1977 Conferencia de Área en la ciudad de Santiago, Chile
Los profetas de nuestros días
por el presidente Spencer W. Kimball
Sesión General de la tarde

Spencer W. KimballAmados hermanos, éste es un día glorioso. Nunca olvidaremos las ocasiones en que las Autoridades Generales de la Iglesia nos reunimos con los miembros en esta parte del mundo, porque son maravillosas. Esperamos que no volváis nunca a ser los mismos que erais antes de esta conferencia, que apliquéis todas las verdades que habéis oído aquí a vuestra vida, a fin de perfeccionarla.

Hermanos, cada jueves la Primera Presidencia y los Doce Apóstoles de la Iglesia nos reunimos en el Templo del Señor. Allí nos arrodillamos en oración para rogar por todos vosotros, los miembros de la Iglesia, y especialmente por vuestros líderes. Después de participar del sacramento, elevamos al Señor una oración especial, suplicándole fervientemente que bendiga a los líderes en todas las naciones del mundo y las lleve a la luz de la conversión. Queremos que sepáis que estáis en nuestro corazón constantemente y que, aunque no visitamos Chile con mucha frecuencia, jamás os olvidamos y oramos siempre por vosotros.

En casi todas las conferencias de área tenemos una conferencia de prensa en la cual informamos a los diferentes medios de comunicación sobre nuestras creencias, a fin de que ellos puedan hacerlas conocer al mundo. Y en casi todas ellas alguien nos pregunta cuál es la diferencia entre nuestra Iglesia y las demás; por supuesto, inmediatamente mencionamos el bautismo por inmersión, la imposición de manos para comunicar el don del Espíritu Santo, la preordinación, y muchas otras partes de nuestra doctrina que difieren de todas las demás.

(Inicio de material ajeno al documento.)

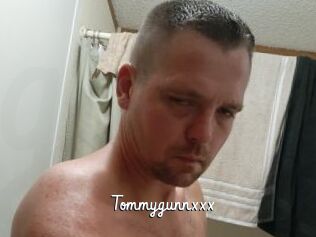 Tommygunnxxx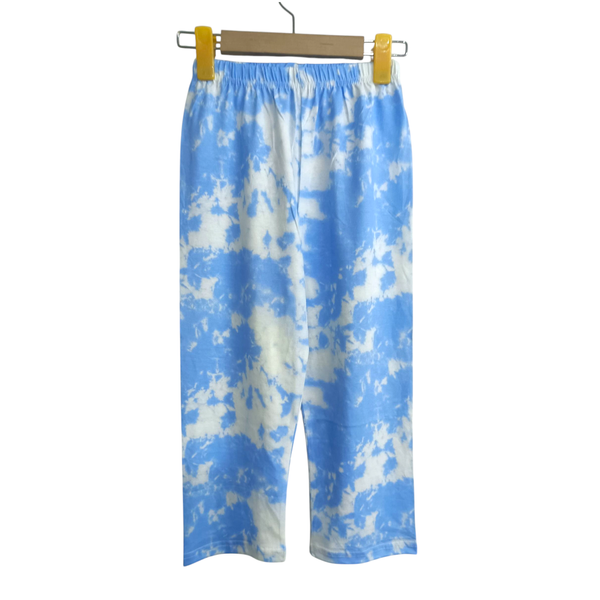 PYJAMAS , CODE:A3 - Image 1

Pero sabemos que hay algo mucho más importante. El profeta Amos dijo: “Porque no hará nada Jehová el Señor, sin que revele su secreto a sus siervos los profetas” (Amos 3:7). Es evidente que esto no puede cambiar, porque Dios es siempre el mismo, en el pasado, el presente y el futuro; habiendo existido profetas en el tiempo de Adán, Abraham y Moisés, no hay razón alguna para que no los haya en el mundo en nuestros días.

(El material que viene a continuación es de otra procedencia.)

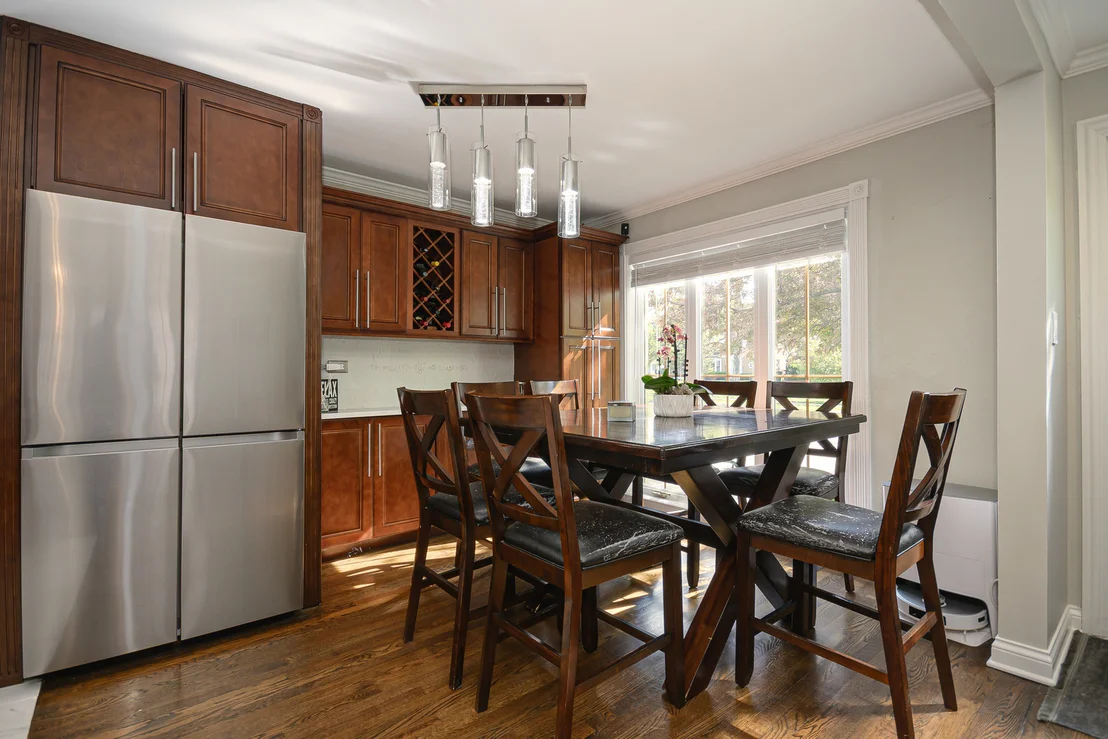 Photo of 1508 Potter Road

Los pueblos de la época de Abraham, de la de Moisés, de la de Pedro, Santiago y Juan, recibieron instrucciones de maestros celestiales; el Señor comenzó su obra con apóstoles y profetas. A través de todas las generaciones Él siempre había levantado profetas.

El hombre recibió su libre albedrío al venir a la tierra, pero es necesario que se le enseñe y se le capacite poco a poco, porque el conocimiento no penetra en él súbitamente. Desde el principio de los tiempos, el ser humano ha vivido en forma alternada en luz y tinieblas. Pero el deseo del Señor es que sus hijos vivan en la luz, y con ese propósito ha elegido profetas para que los guíen, dirijan e inspiren.

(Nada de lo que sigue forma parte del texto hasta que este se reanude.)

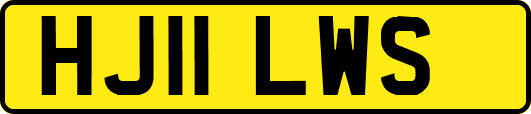 HJ11LWS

Cuando el hombre siente hambre espiritual, cuando trata de alcanzar algo que no encuentra, cuando sus rodillas se doblan y su voz comienza a musitar una oración, sólo entonces es que el Señor se da a conocer. Entonces es cuando borra los límites, aparta el velo y hace posible que salgamos de las tinieblas donde andamos a tientas, a la seguridad de su luz eterna.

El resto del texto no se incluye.